23 October 2014, Huffington Post

Imagine that you are offered a job overseas. It promises a salary you couldn’t dream of making at home. You’ve heard that the work is difficult and sometimes dangerous, and you’ll have to stay overseas for at least two years with only limited contact with your family. But you have an unexpected need for cash because your kids are sick, or maybe because your family business has gone under, so you decide to apply for the job.

Your new employer, acting through a local labor broker, has demanded that you pay an exorbitant up-front fee before you can start work. You have no choice but to pay it. The job opportunity seems good enough to warrant a bit of risk, so you borrow an amount of money equal to two times your current annual salary.

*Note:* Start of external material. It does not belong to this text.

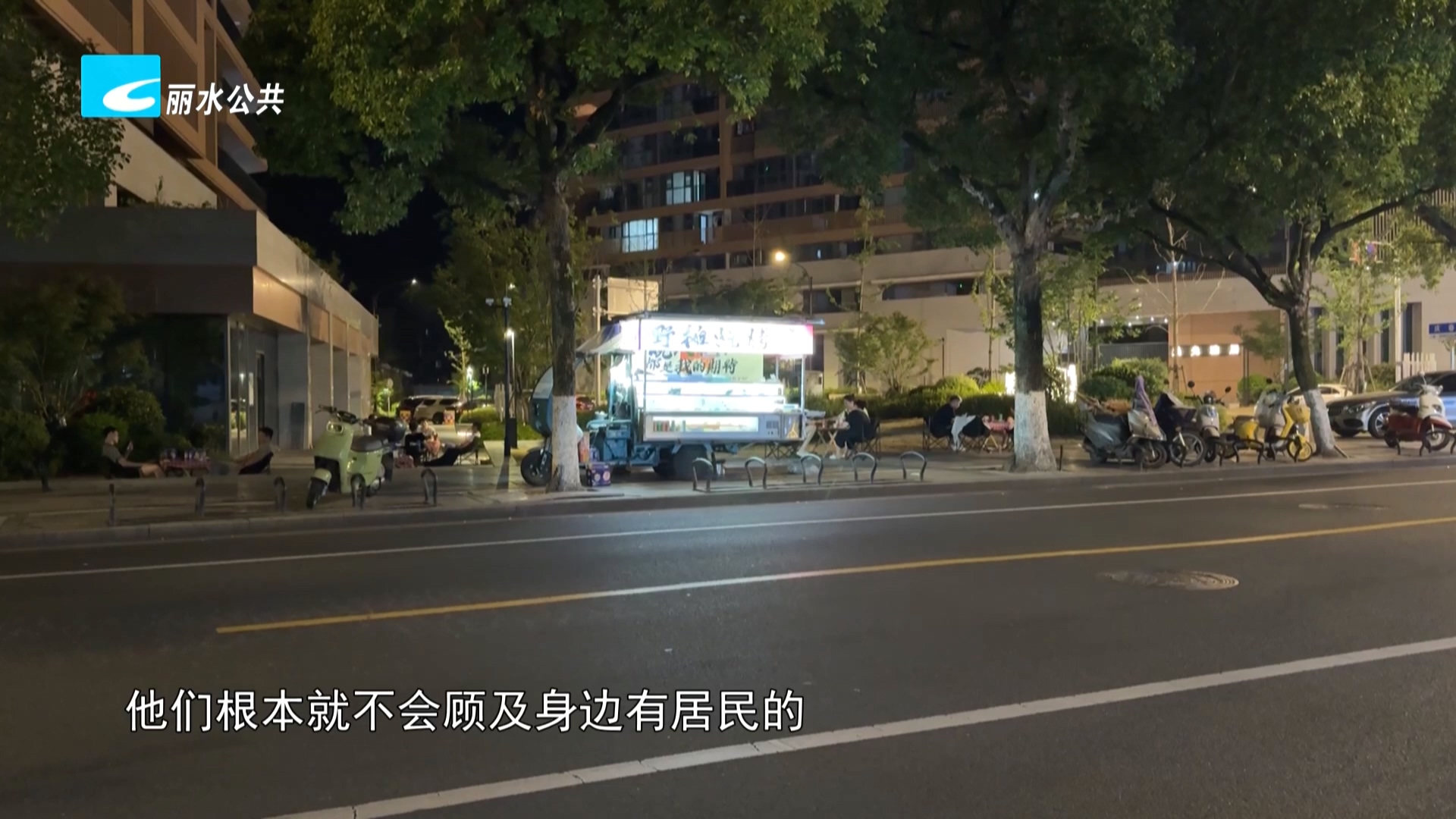 老白帮忙团 有事我帮忙:烧烤店深夜如此喧闹 影响居民休息谁来管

Banks won’t lend to you, so you have to pay a money lender five percent monthly interest. He requires your family’s house as collateral. You give the money to the labor broker and he arranges your travel.

When you arrive at your destination your passport is immediately taken away, and you are told you owe an additional fee in order to get the job. What’s more, it turns out that the wage is about 25 percent lower than you were promised.

You calculate that this new wage will not allow you to pay back the loan and send money home as you’d promised your family.

You start the job, and are required to work as much as 12 hours a day, seven days a week. Still, you are falling behind, making less money than you need. You can’t leave, because you don’t have your passport. Even if you could leave your job, you’d never be able to pay back your enormous loan. But if you stay you’ll never make enough to survive and support your family.

This scenario is a form of forced labor or modern-day slavery, and it is common in the supply chains of multinational companies from the electronics, apparel, construction and agriculture sectors.